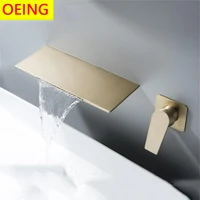 Wall Mounted Concealed Bathtub Faucet Hot And Cold Water Faucet Waterfall Outlet  Stainless Steel Black Gold 1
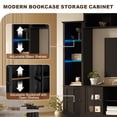 thumbnail image 6 of MEISSALIVVE 4 Piece Wall Unit TV Stand with LED Lights, Modern Entertainment Center with Bookshelf, Wine Cabinet, Display Storage, Fits 70" TVs, Black, 6 of 8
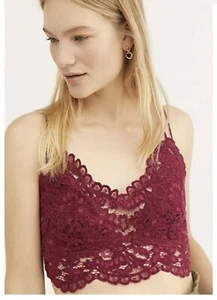 Free People Celine Lace Bralette Bra Size Small Mulberry F19M05006 NWT - Picture 1 of 4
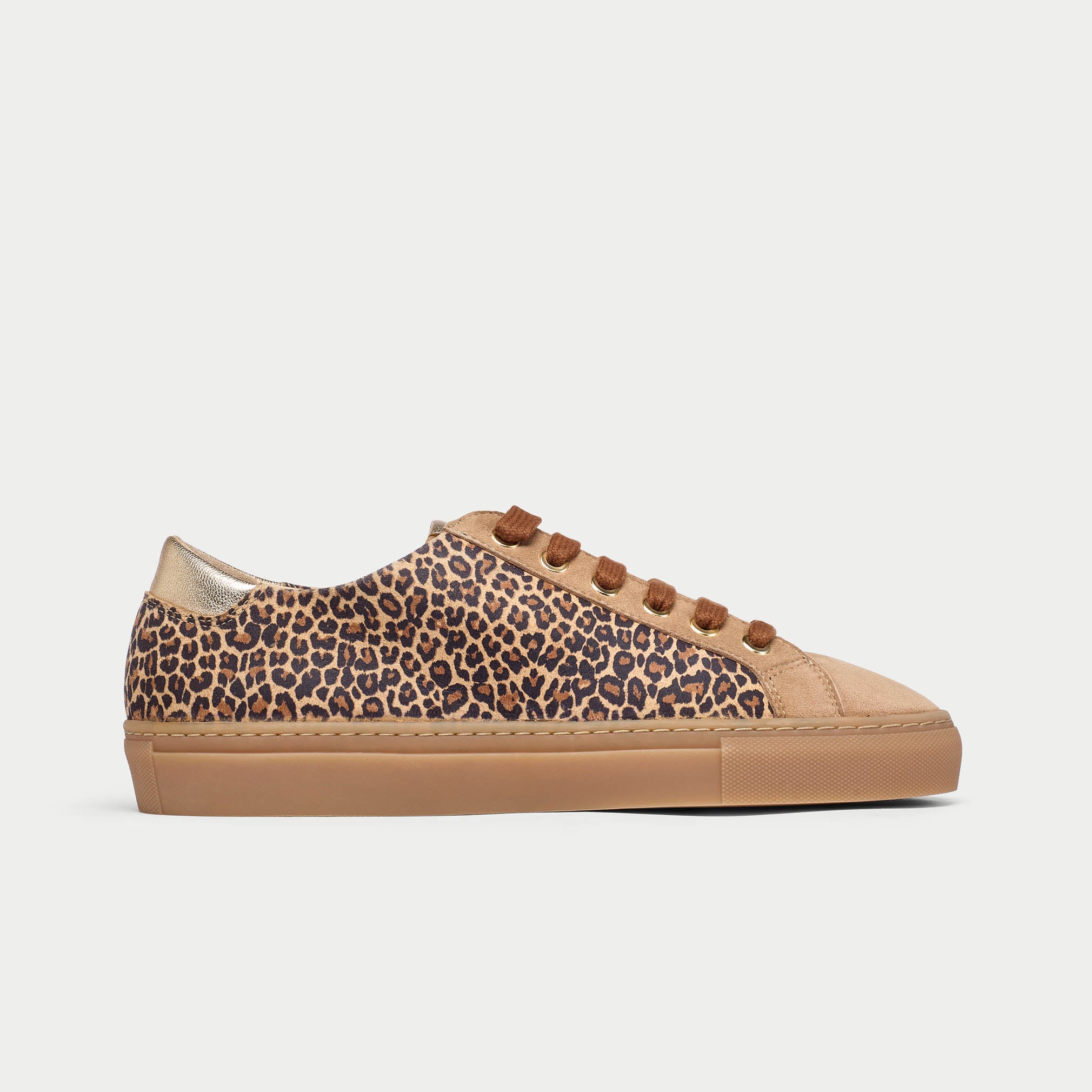 star beige leopard trainers for bunions side view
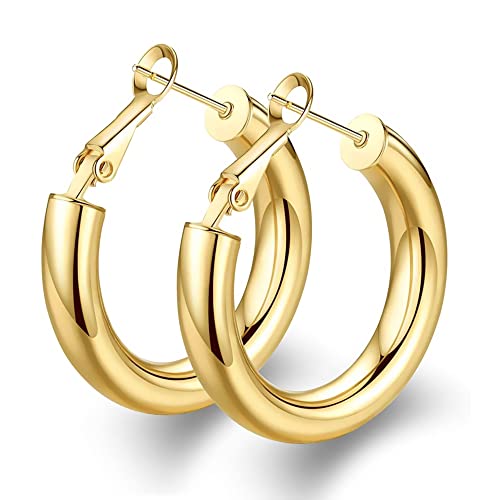 wowshow Chunky Thick Gold Tube Hoops Earrings for Women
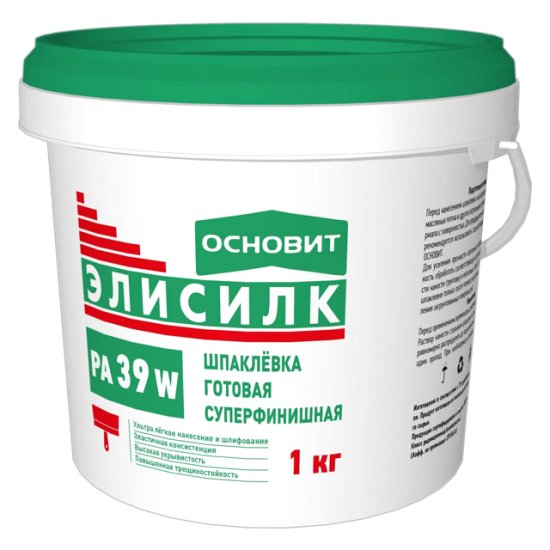 Шпатлевка готовая ОСНОВИТ Элисилк РА39W суперфинишная 1кг, арт.86654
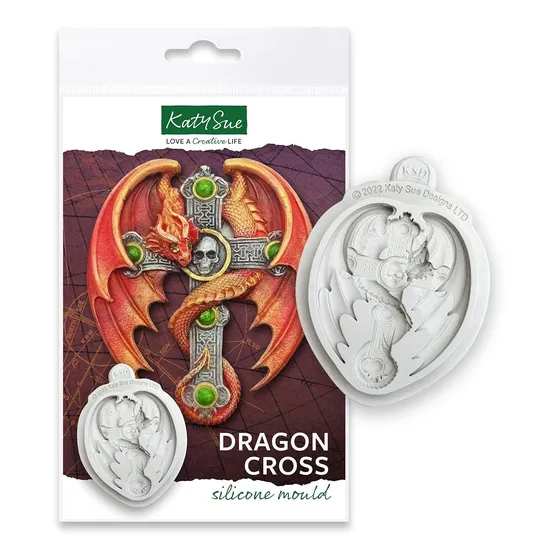 Katy Sue Molde Silicona Dragon Cross Para Manualidad Pastel
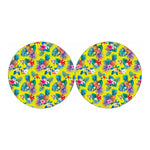 Lime Hawaiian Pineapple Pattern Print Car Coasters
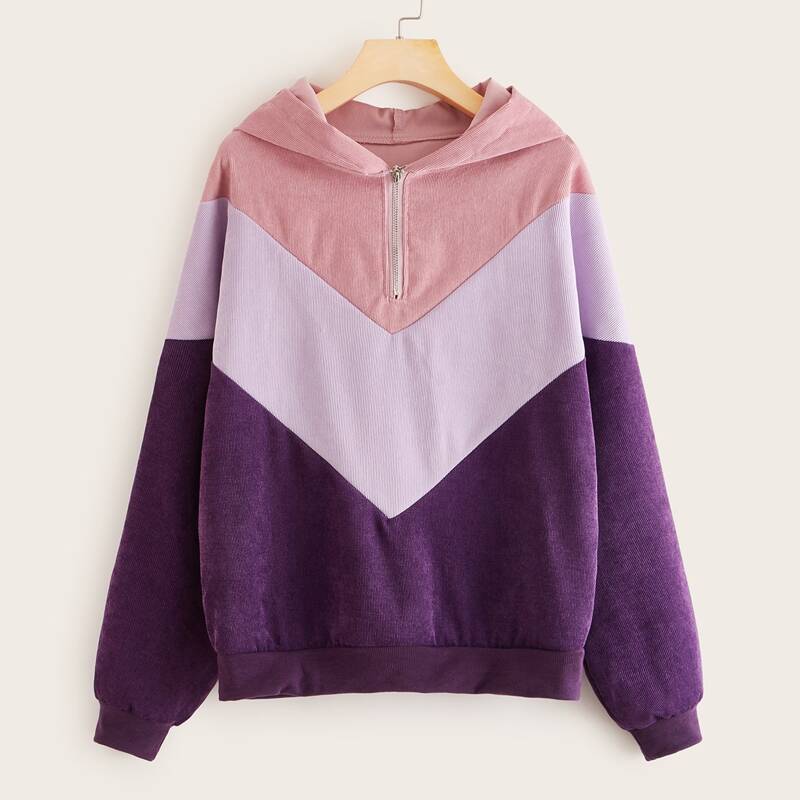 

Color-block Half Zip Corduroy Hoodie, Multicolor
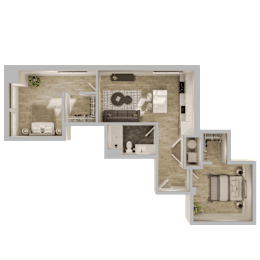 A top-down view of a house layout with a living room, kitchen, dining area, and bedrooms.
▬▬▬▬▬▬
● WORK ORDER:
Your answer should be the lines from the opening of the records through the line with "thumbnail image 6", both ends retyped exactly and pictures left out.

● ANSWER SECTION:
 Wall Mounted Concealed Bathtub Faucet Hot And Cold Water Faucet Waterfall Outlet  Stainless Steel Black Gold 1
 thumbnail image 6 of MEISSALIVVE 4 Piece Wall Unit TV Stand with LED Lights, Modern Entertainment Center with Bookshelf, Wine Cabinet, Display Storage, Fits 70" TVs, Black, 6 of 8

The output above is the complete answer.